MAURICE, DUPLAN, M. et MADAME CARBONEL; puis BERTHE et JULES.

MADAME CARBONEL(avec empressement.)
Ah! monsieur Duplan…

CARBONEL(de même.)
Cher ami…

DUPLAN
Madame… permettez-moi de vous présenter Maurice, mon fils… (Présentant.)
M. et Madame Carbonel…
(Salutations.)

MADAME CARBONEL
Enchantée, monsieur, de faire… ou plutôt de renouveler connaissance avec vous…

MAURICE(étonné.)
Comment, madame, j'aurais été assez heureux?…

DUPLAN
Oui… je t'ai déjà présenté une fois à Madame; il est vrai que tu avais huit ans.

CARBONEL
Ma femme vous a fait sauter sur ses genoux et elle vous a embrassé!…

MAURICE
Alors madame, j'ai dû faire bien des envieux.

M. et MADAME CARBONEL
Oh! très joli, très joli!…

MAURICE(s'avançant.)
Et je serais bien heureux, madame, si monsieur votre mari voulait nous permettre de reprendre nos relations… au point où nous les avons laissées.

M. et MADAME CARBONEL
Ah! très joli!… très joli!…

MADAME CARBONEL(bas à son mari.)
Il a de l'esprit.

CARBONEL(bas.)
Je crois bien, il en a pour un million! (A MAURICE.)
Vous arrivez d'Italie, jeune homme?

MAURICE
Oui, monsieur, de Venise!

CARBONEL
Ah! Venise!… vous avez vu la place Saint-Marc, le pont des Soupirs?

MAURICE
Bien souvent!

DUPLAN(à part.)
Zirzina!

CARBONEL
Et qu'est-ce qui vous a le plus bouleversé à Venise?

MAURICE
C'est la Douane!

M. et MADAME CARBONEL
Ah! très joli! très joli!

MAURICE(bas à DUPLAN.)
Ils ont l'air de bien braves gens.

DUPLAN(bas.)
Parbleu! ils rient de tout ce que tu dis!

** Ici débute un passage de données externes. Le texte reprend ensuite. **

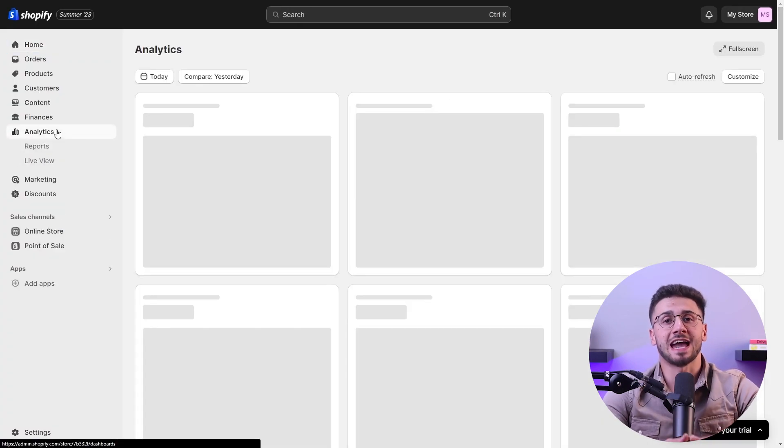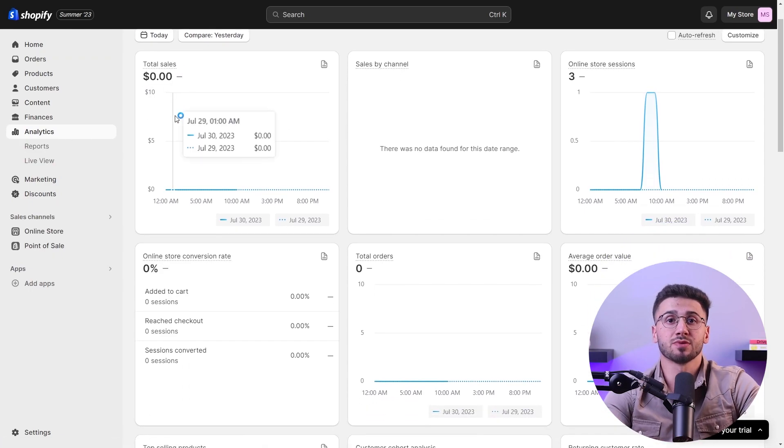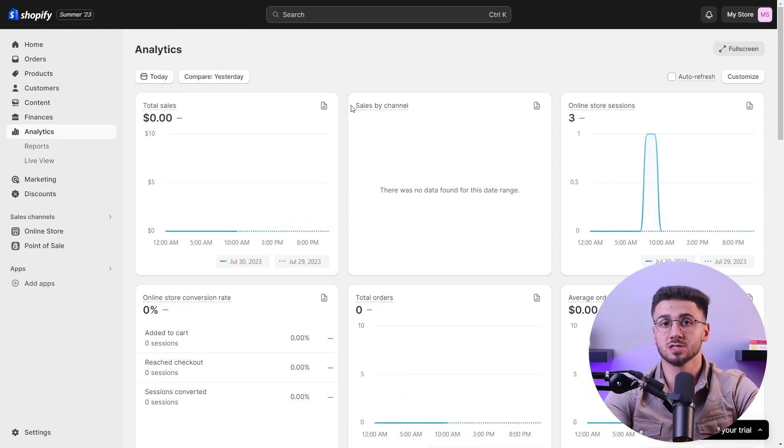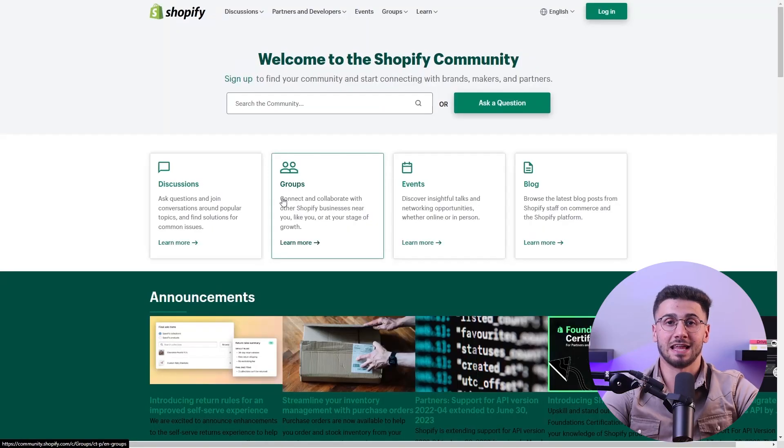Continuously analyze your store's performance and make data-driven decisions. Utilize Shopify's analytics tools to track key metrics such as traffic, conversion rates, and average order value, so you can identify areas for improvement and test different strategies to optimize your sales and profitability.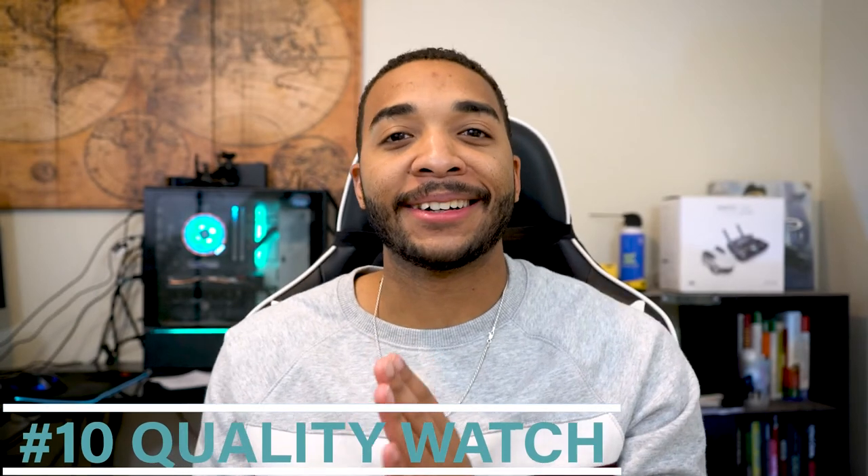Finally, number ten is a quality watch — probably my favorite. Most guys think you have to go out and buy a Rolex to get a nice watch, which is not the case. There are amazing watches out there for under a hundred dollars. This watch on my wrist right now I've had for two years without a single problem, and it was only 42 dollars when I got it. Watches really change the look of an outfit — they convey maturity without saying anything, especially a nice dress watch. If there's one big reason to get a watch, it just makes you look a little bit more suave and smooth.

BERTHE(entrant reconduite par Jules.)
Je vous remercie, monsieur!

MAURICE(à part.)
C'est elle! Ah! décidément, il n'y a que les blondes.

JULES
Bonjour, Maurice.

MAURICE
Bonjour, mon ami…
(Ils se serrent la main.)

MADAME CARBONEL
Ah! vous connaissez M. Jules Priés?

MAURICE
Beaucoup… c'est un ami! je lui dois mes deux oreilles…

TOUS2
Comment? (Plusieurs dames et messieurs sont entrés et sont près de la cheminée. Un valet apporte un plateau.)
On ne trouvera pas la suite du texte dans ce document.